> _Aim of the task_
Print the line containing "Tote Box Stackable" and all lines after it, unchanged, through the end of the data. Leave the pictures out.

(Data entries)
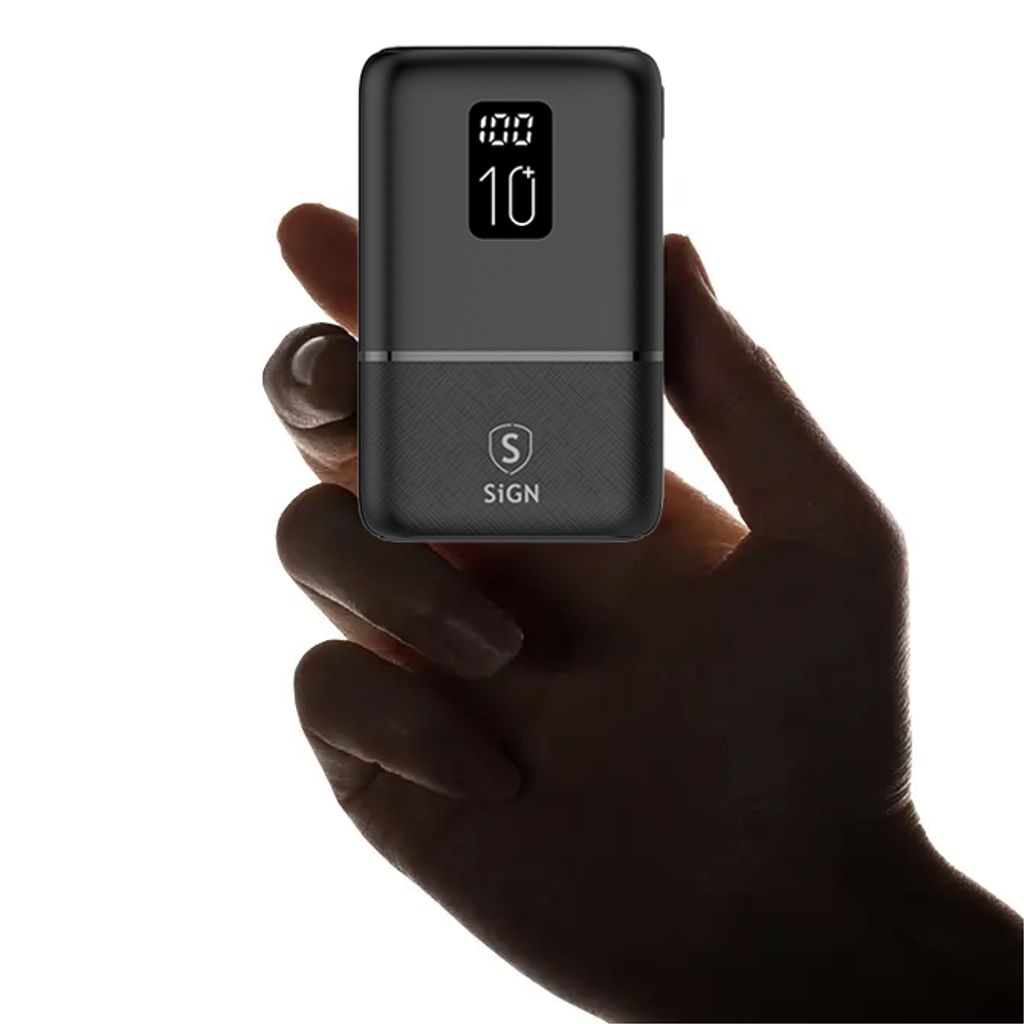 SiGN Mini Powerbank med Display 10 000mAh Sort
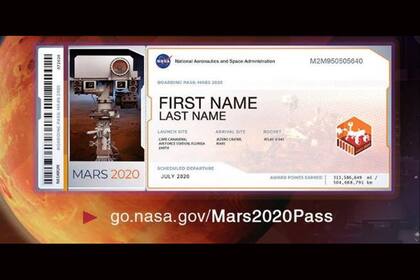 El ticket que le envían a los usuarios cuando registran su nombre en la misión del rover Mars 2020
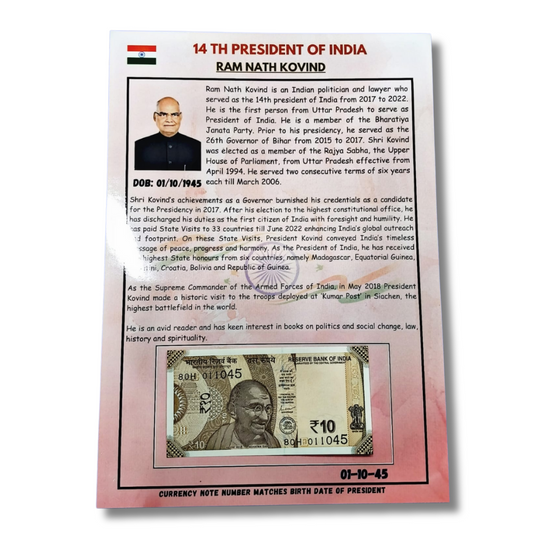 Rs 10 date of birth 01.10.45 Ram nath kovind  president of india excellent condition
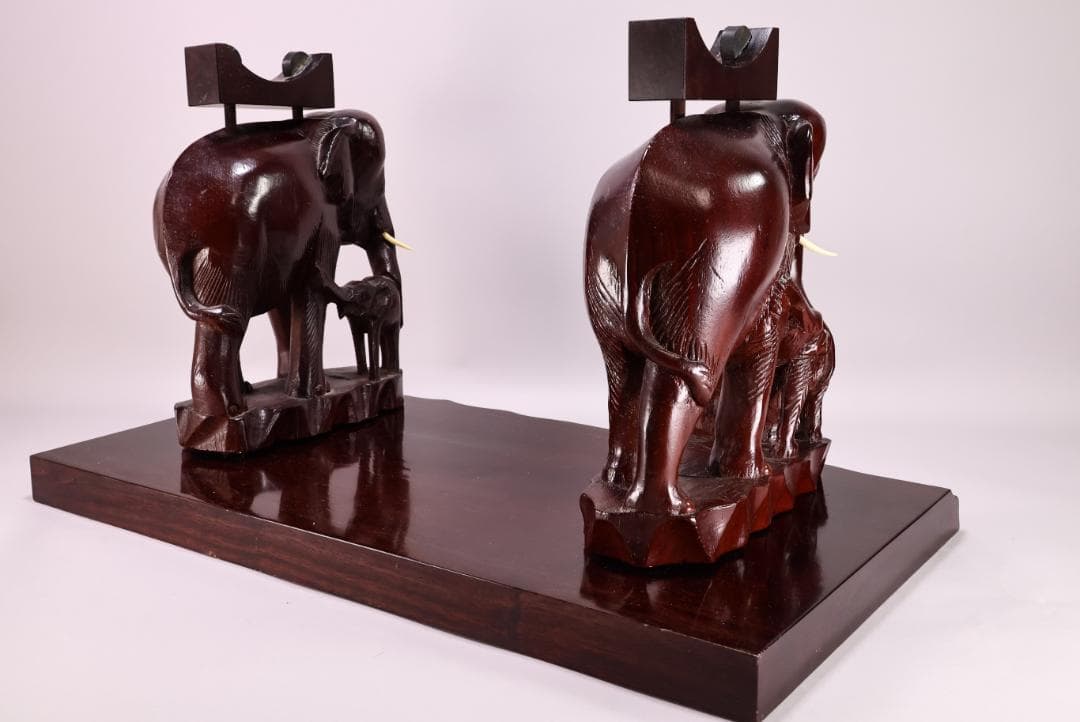 平尾　國幸　唐木製　象牙台　飾台　象形彫刻　武具　火縄銃 台 BJ180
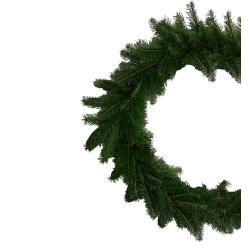 Couronne de sapin artificiel aux branches vert foncé, évoquant la saison festive.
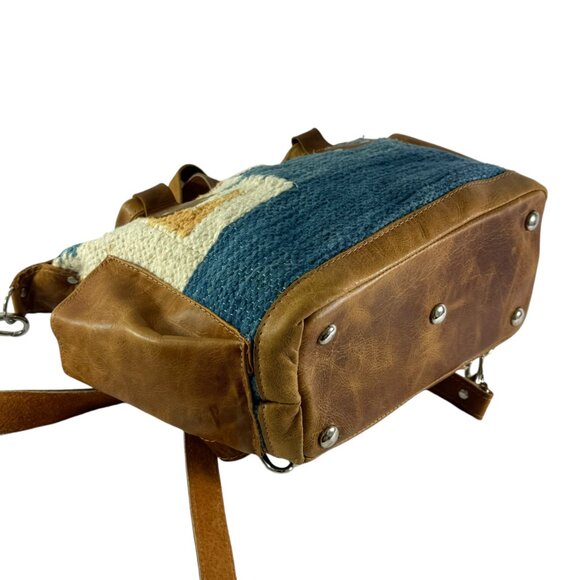 SUNDAY ISLE Multicolor Wool & Brown Leather Women's Satchel Shoulder Backpack - Picture 6 of 12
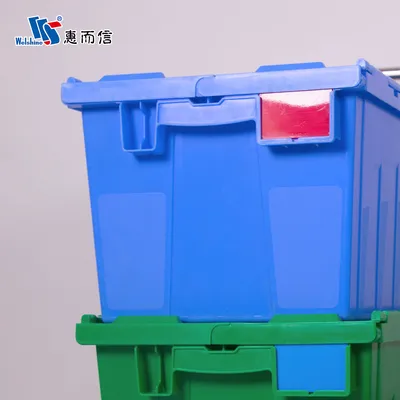 Tote Box Stackable Crates with Covers Warehouse Moving Logistic Container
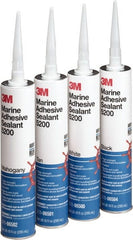 3M - 12.8 oz Cartridge White Polyurethane Marine Adhesive Sealant - 190°F Max Operating Temp, 60 min Tack Free Dry Time - Exact Tooling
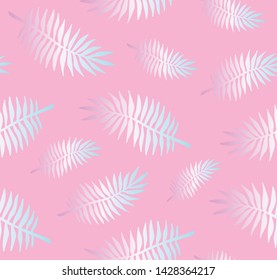 Vector seamless pattern of holographic palm leaves isolated on pink background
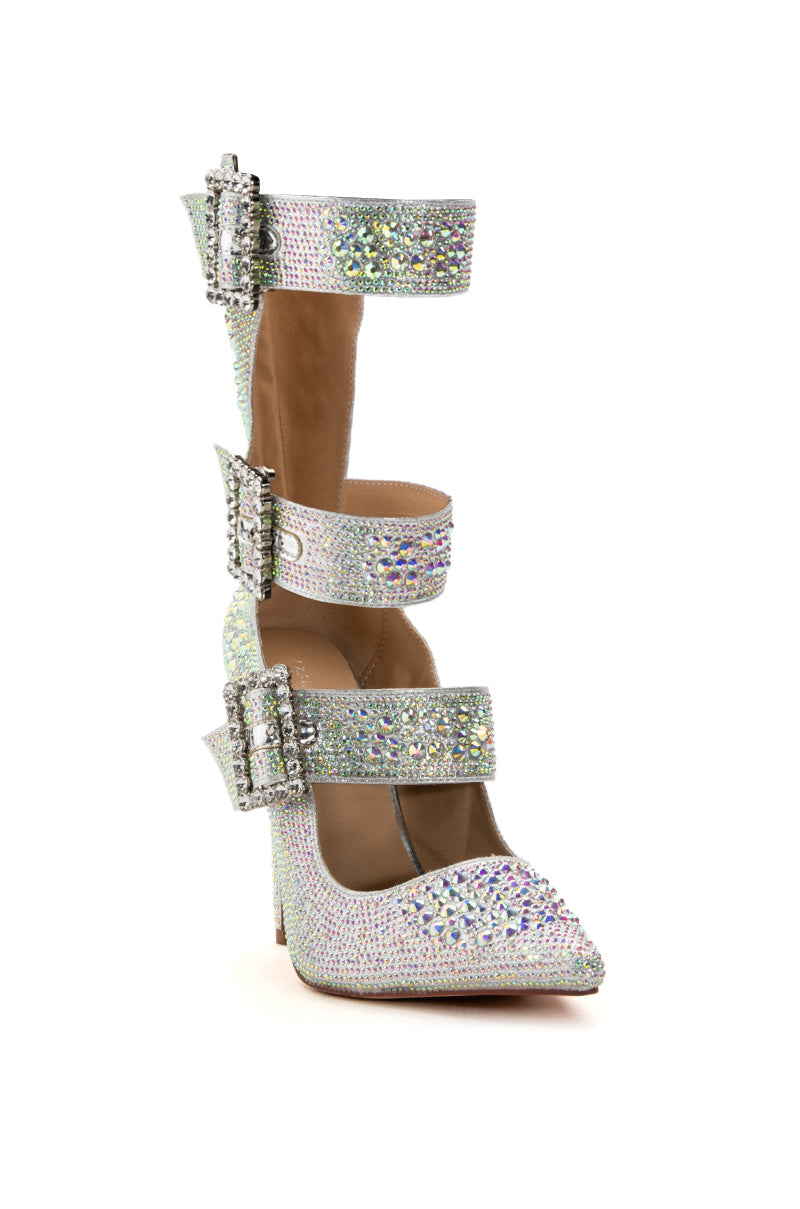 AZALEA WANG JENNA EMBELLISHED PUMP IN SILVER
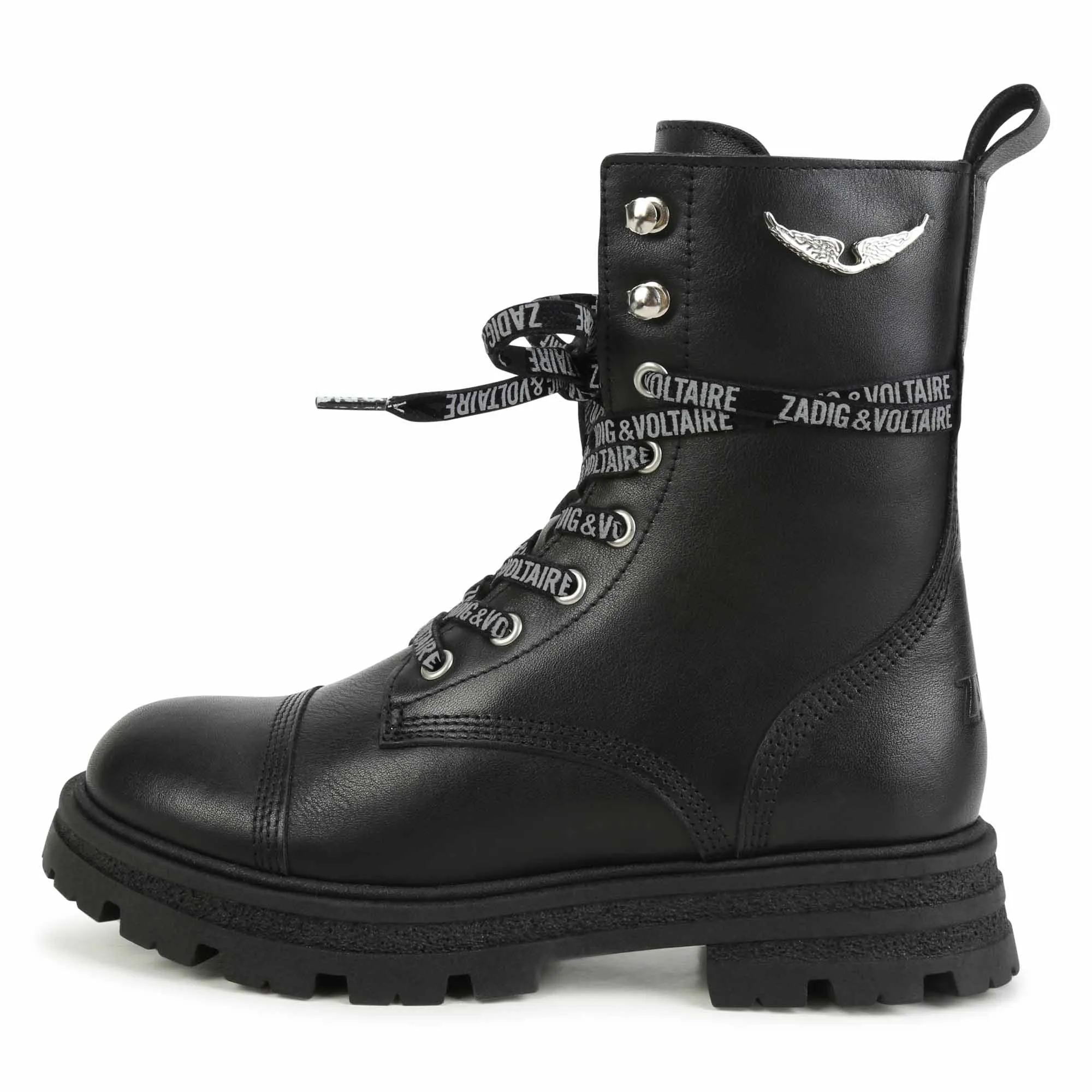 ZADIG & VOLTAIRE Logo-Print Laces Leather Combat Boots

> _Task answer_
 Tote Box Stackable Crates with Covers Warehouse Moving Logistic Container
 3M - 12.8 oz Cartridge White Polyurethane Marine Adhesive Sealant - 190°F Max Operating Temp, 60 min Tack Free Dry Time - Exact Tooling
 Vector seamless pattern of holographic palm leaves isolated on pink background
 AZALEA WANG JENNA EMBELLISHED PUMP IN SILVER
 ZADIG & VOLTAIRE Logo-Print Laces Leather Combat Boots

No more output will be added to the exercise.